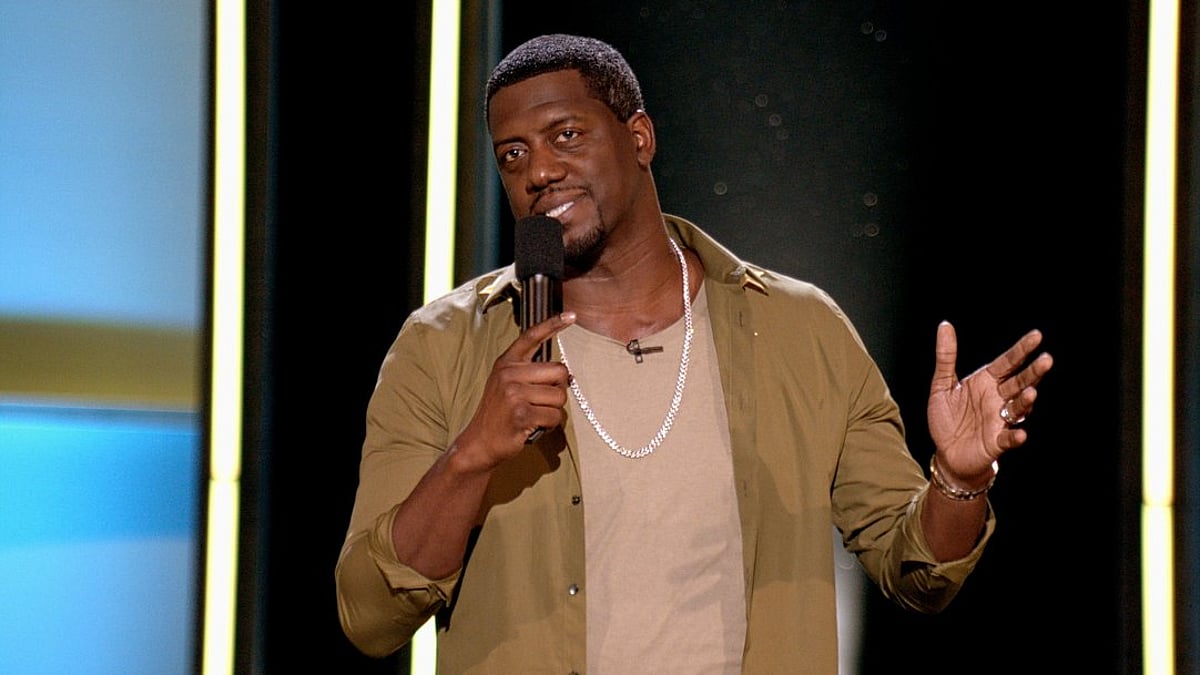 Plastic Cup Boy ‘Spank’ Horton’s journey from heckler to standup comic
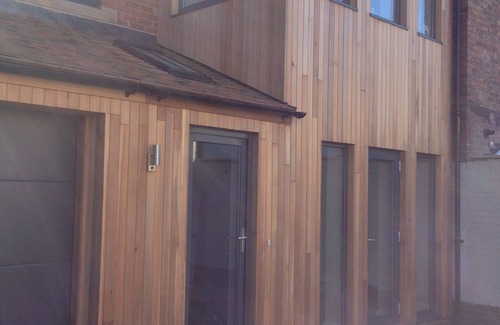 Alnmouth Cottage | Riverside Lodge - Cottage in Alnmouth Northumberland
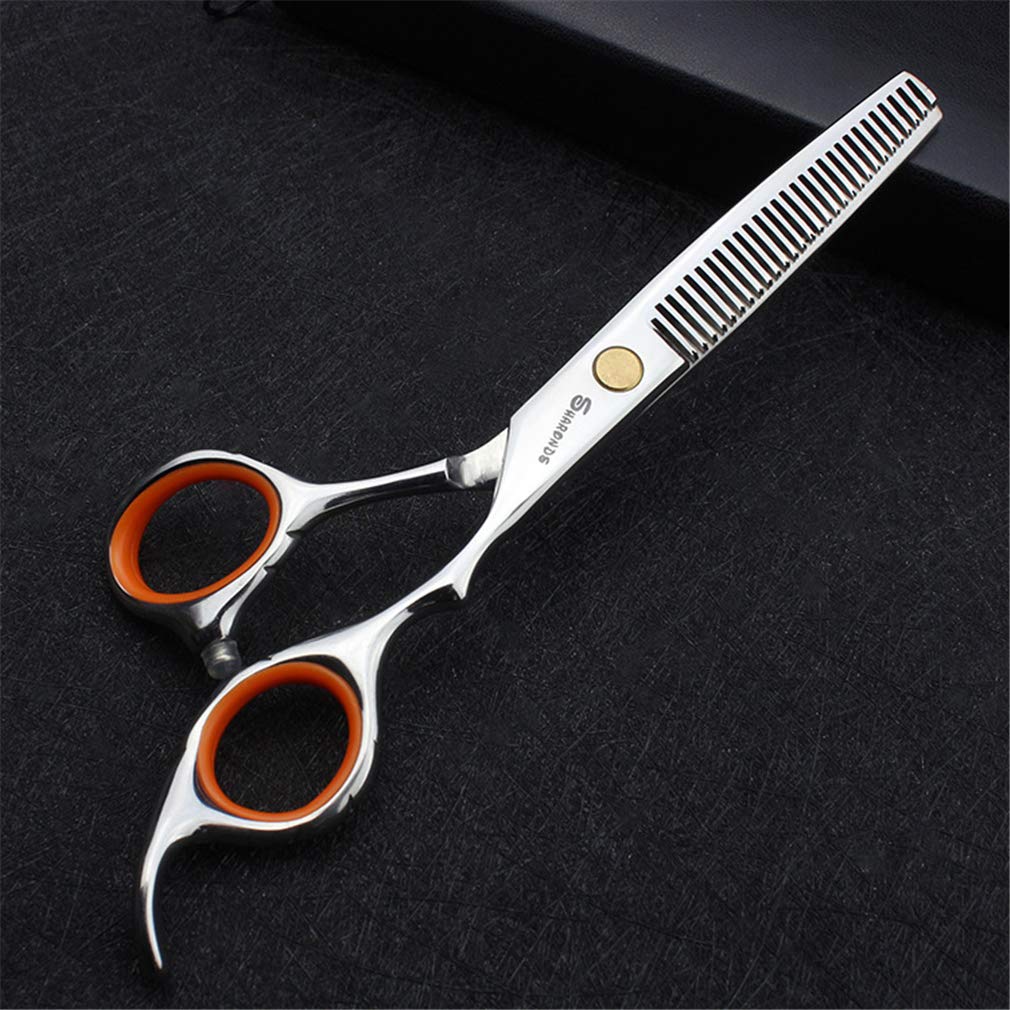 5,5 Pulgadas Tijeras Profesionales del Pelo, Tijeras De Corte De Pelo De Sharp Sistema De Herramienta De Acero Inoxidable Styling (Luz Y Sharp), para Los Niños, Mujeres Y Hombres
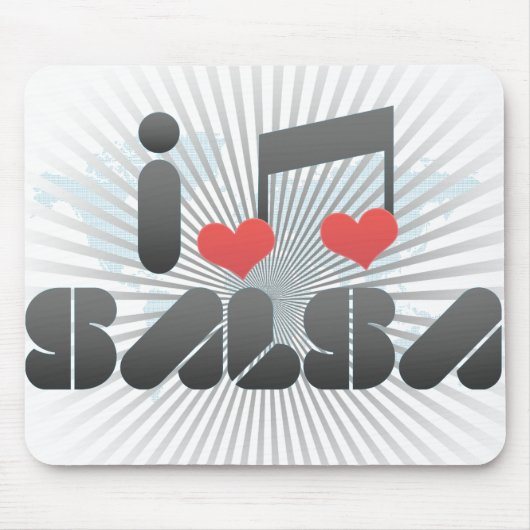 Salsa Mousepad (Vorne)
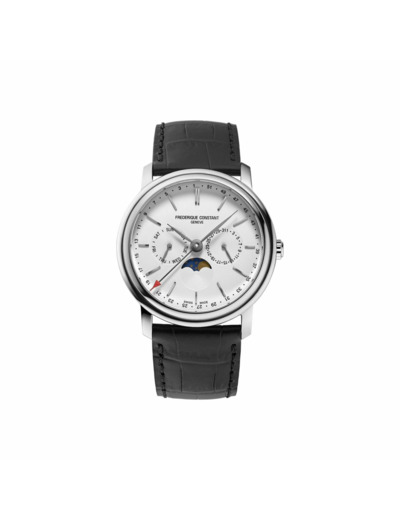 Montre Frédérique Constant Classics Index Business Timer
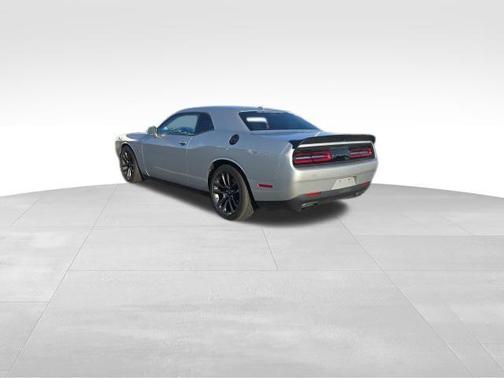 Triple Nickel Clearcoat 2023 Dodge Challenger R/T Scat Pack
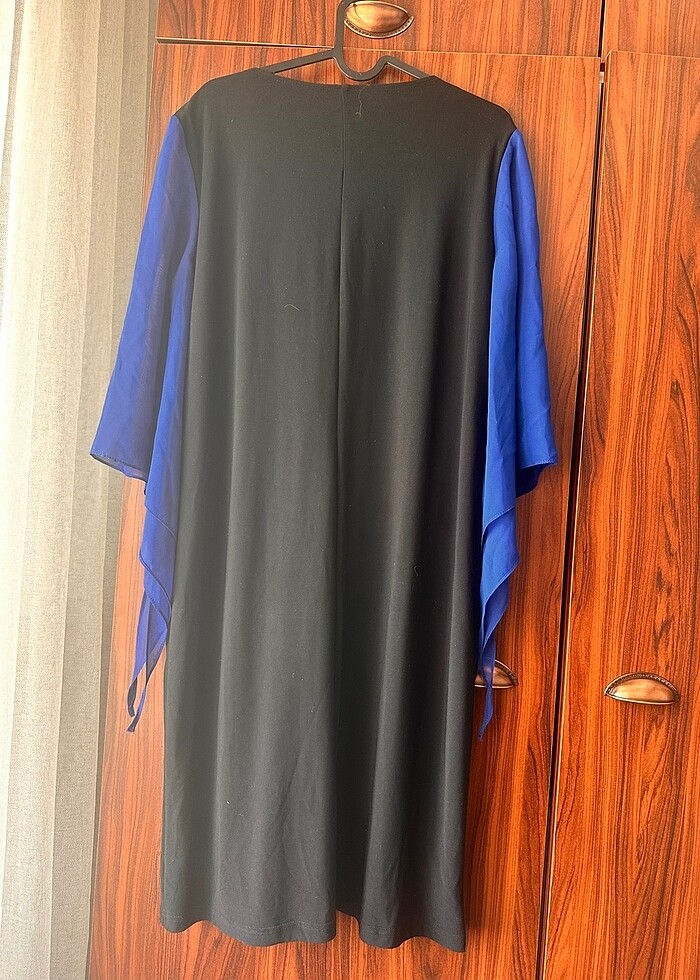 Büyük beden elbise - Görsel 2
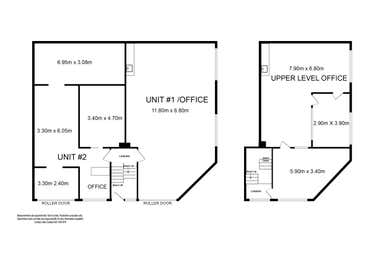 1/1 Leonard Street Hornsby NSW 2077 - Floor Plan 1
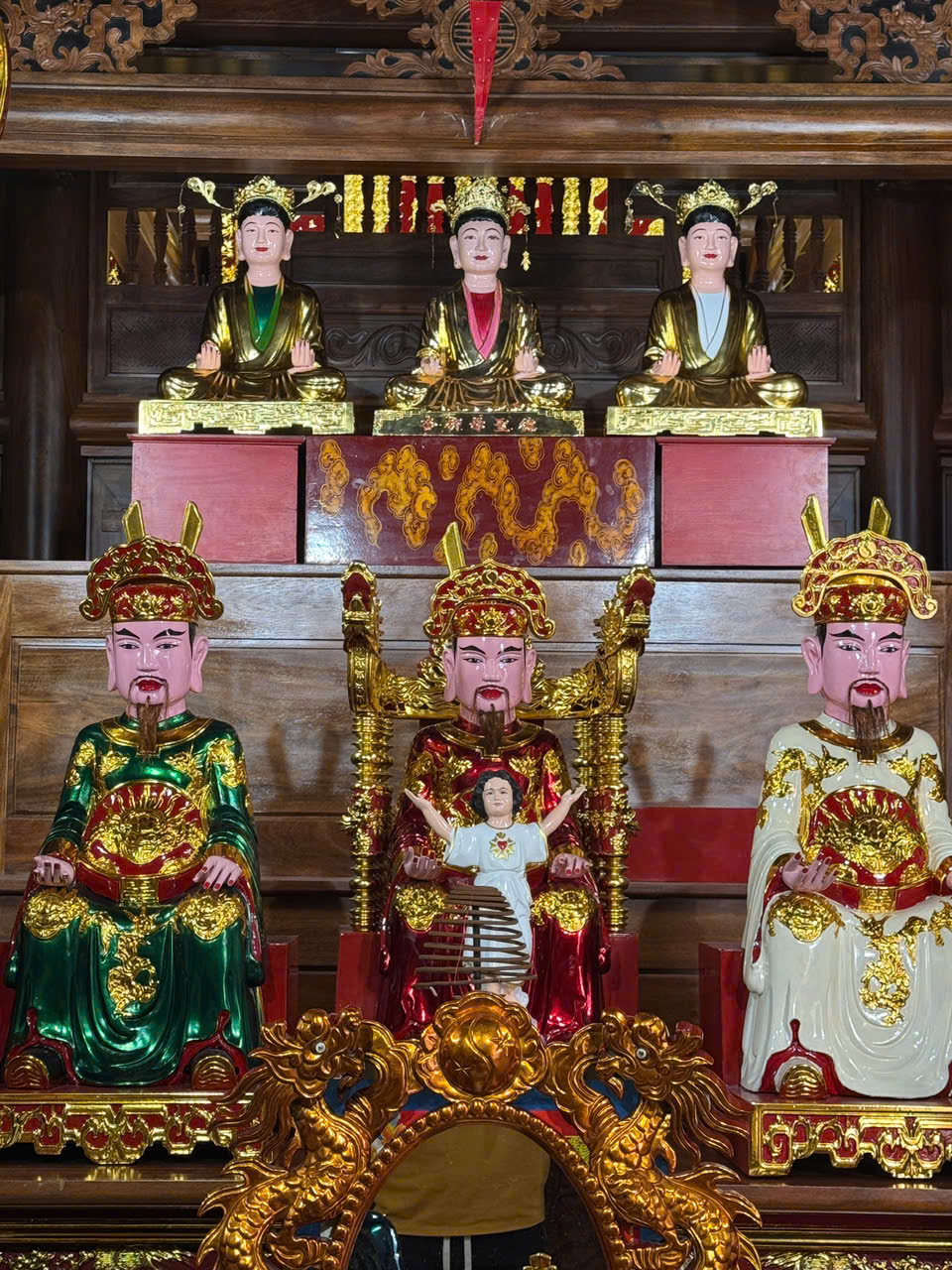 Chế tác tinh xảo, đảm bảo độ bền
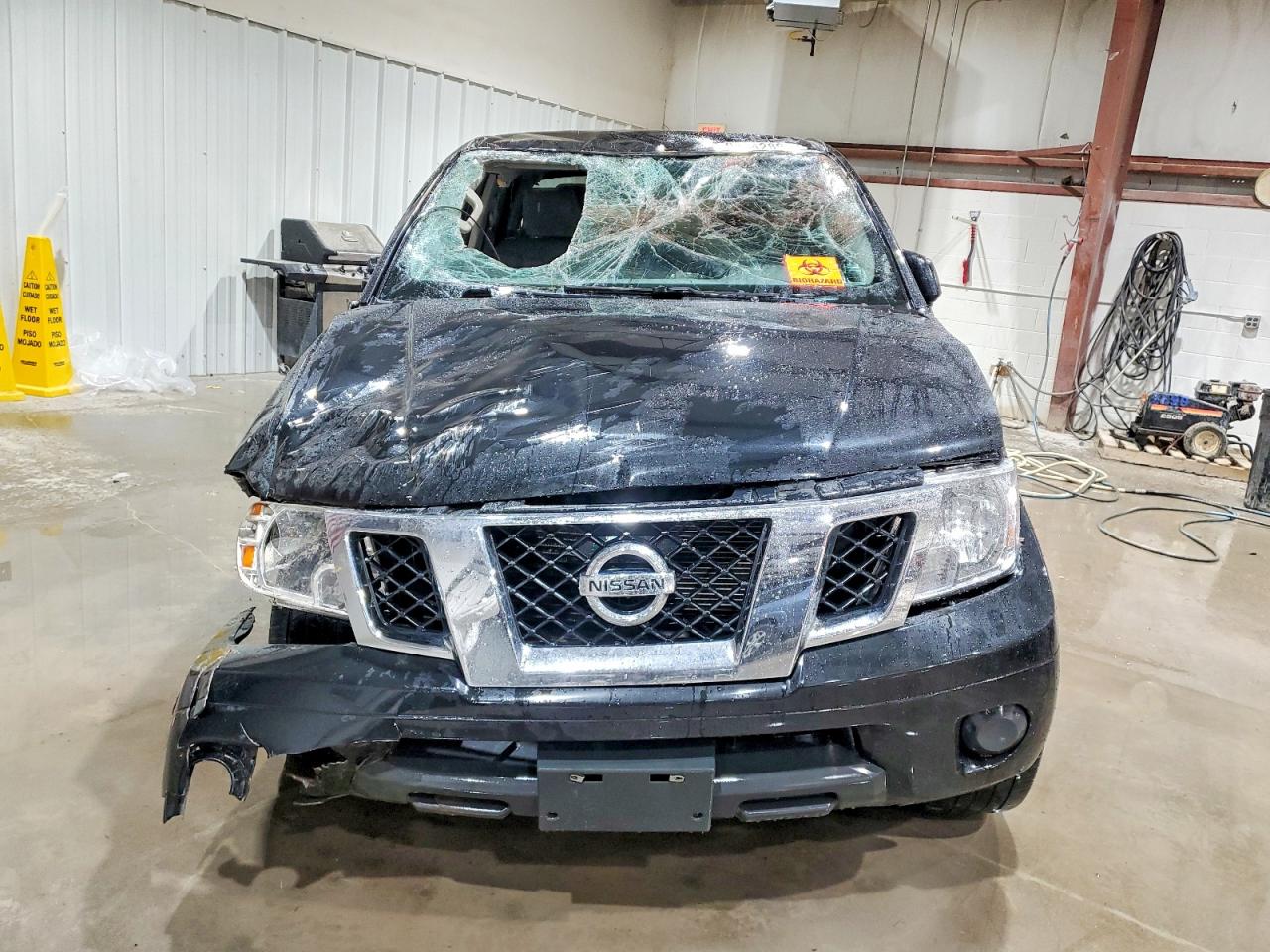 2019 NISSAN FRONTIER S photo 5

* * *

Goal of the exercise >>
Set down the entire material verbatim, with each picture left out.

Exercise response >>
 Plastic Cup Boy ‘Spank’ Horton’s journey from heckler to standup comic
 Alnmouth Cottage | Riverside Lodge - Cottage in Alnmouth Northumberland
 5,5 Pulgadas Tijeras Profesionales del Pelo, Tijeras De Corte De Pelo De Sharp Sistema De Herramienta De Acero Inoxidable Styling (Luz Y Sharp), para Los Niños, Mujeres Y Hombres
 Salsa Mousepad (Vorne)
 Montre Frédérique Constant Classics Index Business Timer
 Triple Nickel Clearcoat 2023 Dodge Challenger R/T Scat Pack
 Büyük beden elbise - Görsel 2
 1/1 Leonard Street Hornsby NSW 2077 - Floor Plan 1
 Chế tác tinh xảo, đảm bảo độ bền
 2019 NISSAN FRONTIER S photo 5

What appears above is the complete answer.